It might have been a recent editorial. Van Buren was always cartooned as a fox or a rat. Horace Greeley told me once that he had not had a sound sleep for fifteen years, and he was finally put to death by American politics. The cartoons of Mr. Blaine and Mr. Cleveland during their election battle, as compared to those of fifty years before, were seraphic as the themes of Raphael. It was not necessary to go so far back for precedent. The game had not changed. The building of our new Raymond Street jail in Brooklyn, in 1886, was a game which the politicians played, called “money, money, who has got the money?” Suddenly there was an arraignment in the courts. Mr. Jaehne was incarcerated in Sing Sing for bribery. Twenty-five New York aldermen were accused. Nineteen of them were saloon keepers. There was a fearful indifference to the illiteracy of our leaders in 1886. It threatened the national intelligence of the future.

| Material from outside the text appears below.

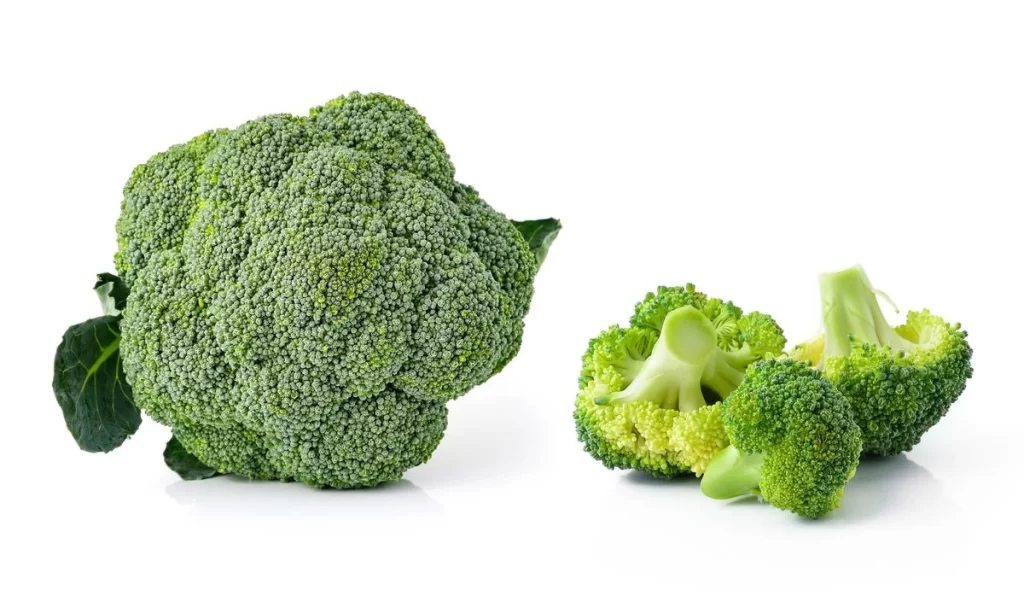 Broccoli Green Florets Nutritious Crunchy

In the rhapsody of May, however, in the resurrection of the superlative beauties of spring, we forgot our human deficiencies. In the first week of lilacs, the Americanised flower of Persia, we aspired to the breadth and height and the heaven of our gardens. The generous lilac, like a great purple sea of loveliness, swept over us in the full tide of spring. It was the forerunner of joy; joy of fish in the brooks, of insects in the air, of cattle in the fields, of wings to the sky. Sunshine, shaken from the sacred robes of God! Spring, the spiritual essence of heaven and physical beauty come to earth in many forms—in the rose, in the hawthorn white and scarlet, in the passion flower. In this season of transition we hear the murmurings of heaven. There were spring poets in 1886, as there had been in all ages.

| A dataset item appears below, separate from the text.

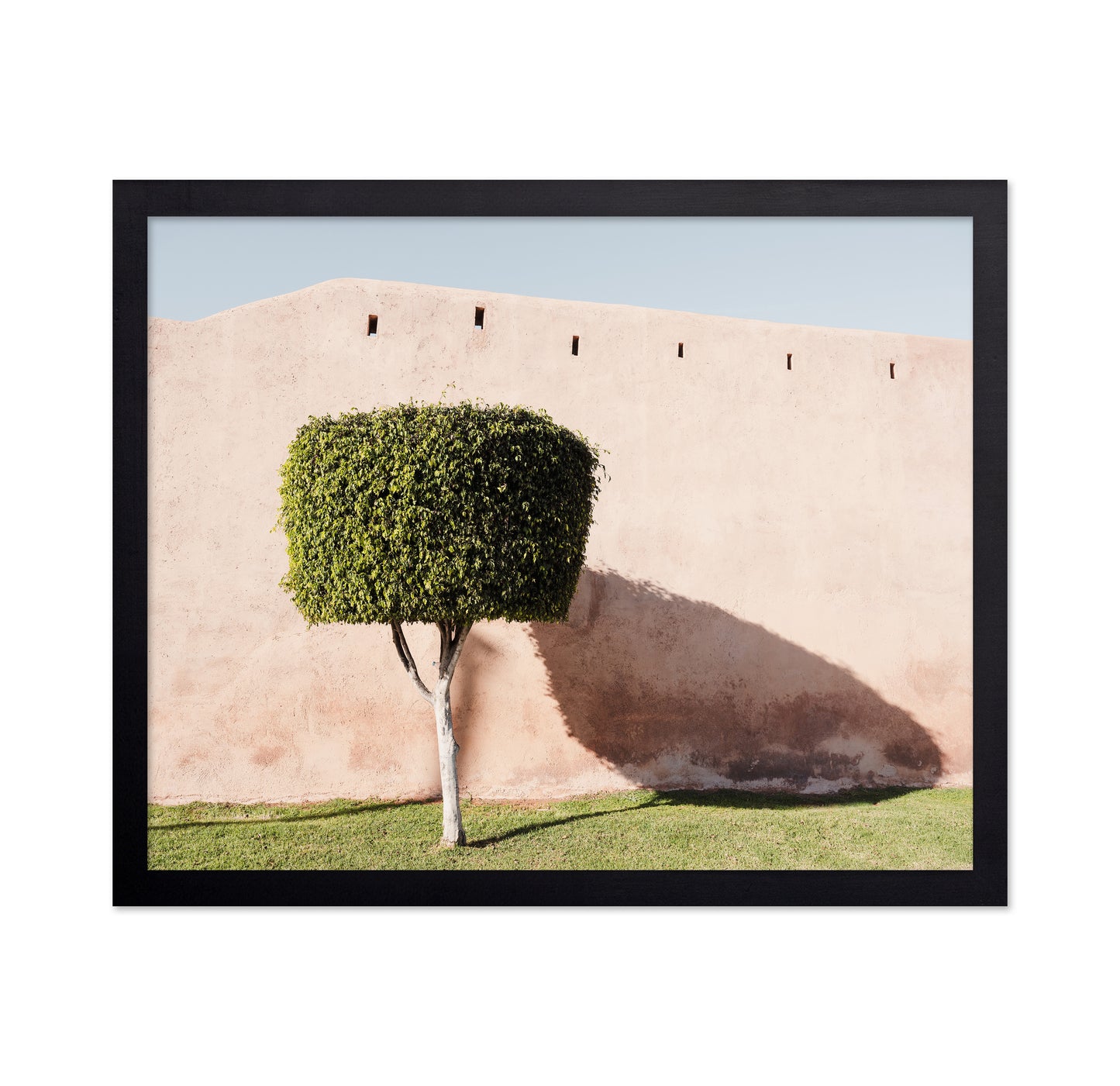 Moroccan Tree Shadow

Love and marriage came over the country like a divine opiate, inspired, I believe, by that love story in the White House, which culminated on June 2, 1886, in the wedding of Mr. and Mrs. Cleveland. Never in my knowledge were there so many weddings all over the United States as during the week when this official wedding took place in the White House. The representatives of the foreign Governments in Washington were not invited to Mr. Cleveland’s wedding. We all hoped that they would not make such fools of themselves as to protest—but they did. They were displeased at the President’s omission to invite them. It was always a wish of Mr. Cleveland’s to separate the happiness of his private life from that of his public career, so as to protect Mrs. Cleveland from the glare to which he himself was exposed. His wedding was an intimate, private matter to him, and if there is any time in a man’s life when he ought to do as he pleases it is when he gets married. It was a remarkable wedding in some respects, remarkable for its love story, for its distinguished character, its American privacy, its independent spirit. The whole country was rapturously happy over it. The foreign ministers who growled might have benefited by the example of Americanism in the affair. Even the reporters, none of whom were invited, were happy over it, and gave a more vivid account of the joyous scene than they could have given had they been present.